Timothy Schafer Local Journalism Initiative Reporter
By Timothy Schafer Local Journalism Initiative Reporter
February 17th, 2022

One of the greatest threats to biodiversity in the West Kootenay will be dealt with this year.

A detailed regional invasive species plan will be developed this year by Regional District of Central Kootenay (RDCK) staff — with the help of the Central Kootenay Invasive Species Society (CKISS) — to better determine the extent of invasive species on all RDCK owned or leased properties.

According to an RDCK release, “the objective is to implement prevention and management, as well as improve awareness and community engagement.”

Invasive species also have a significant impact on ecosystem health, and the International Union for the Conservation of Nature (IUCN) considers them one of the greatest threats to biodiversity globally.

In the West Kootenay, invasive species are non-native plants — such as knotweed — that do not have natural predators or controls, allowing them to become established. One of the major dangers of a non-native plant or animal species is it can spread quickly and impact the local ecosystem, out competing the native plants and species, noted CKISS.

“Tourism, recreation, agriculture, energy infrastructure and property values are all vulnerable to the impacts of invasive species,” wrote RDCK sustainability planner Paris Marshall Smith in her report to the RDCK board of directors.

Plan objectives

Two years ago the board of directors had asked for a regional invasive species strategy from CKISS that addresses the following objectives:

• invasive species management that is efficient, region-wide and continues over the long-term;

• prevention and early detection and rapid response: control invasive species in the most cost-efficient manner through education, management and outreach; and

• multi-jurisdictional, coordinated planning and treatment.

Source: RDCK board agenda

The plan is not unwarranted. Under the Weed Control Act the RDCK is required as a landholder to “… control noxious weeds growing or located on land and premises, and on any other property located on land and premises, occupied by that person.”

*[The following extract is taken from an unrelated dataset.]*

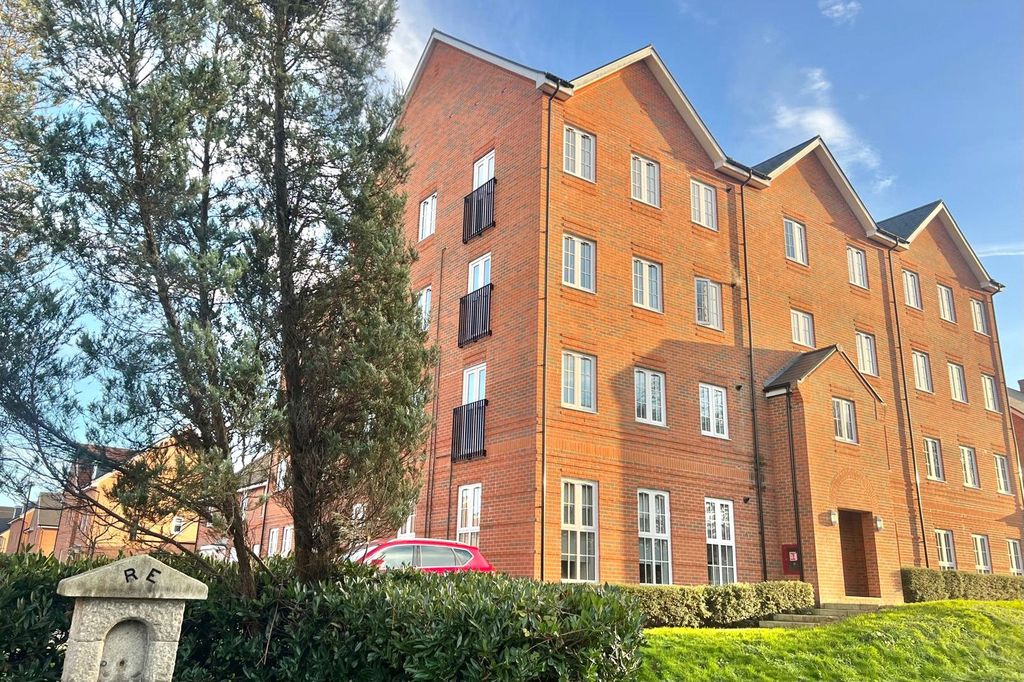 Property photo 1 of 13 Picture No. 01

Regional district departments’ invasive species management was inconsistent year to year, noted Marshall Smith in her report, so departmental staff requested clear organizational policy and guidelines that would “enable consistent funding and activity.

“It is therefore recommended that action be taken in 2022 to inventory our properties/lands to understand the full scope of and develop a Regional Invasive Species Implementation Plan to ensure the RDCK is keeping within the bounds of provincial legislation concerning invasive species,” Marshall Smith wrote.

Once it is completed it will be reviewed annually and adjusted to address any changes and major issues, with metrics to gauge the plan’s progress.

By the numbers

Across the regional district there are 93 properties to be inventoried, which works out to an average of $386 per location.

Overall, $35,972.82 is budgeted to inventory RDCK lands. Parks holds the largest slice of the budget ($19,502.80) because of the scale of lands to be inventoried, noted Marshall Smith.

In addition to the inventory costs, there is a cost for developing the Regional Invasive Species Implementation Plan itself ($8,500).

Draft strategy

A draft strategy was written outlining four goals for both RDCK and private lands:

• improve regional organizational capacity;

• implement prevention and management;

• develop a legal and policy framework; and

• improve awareness and community engagement.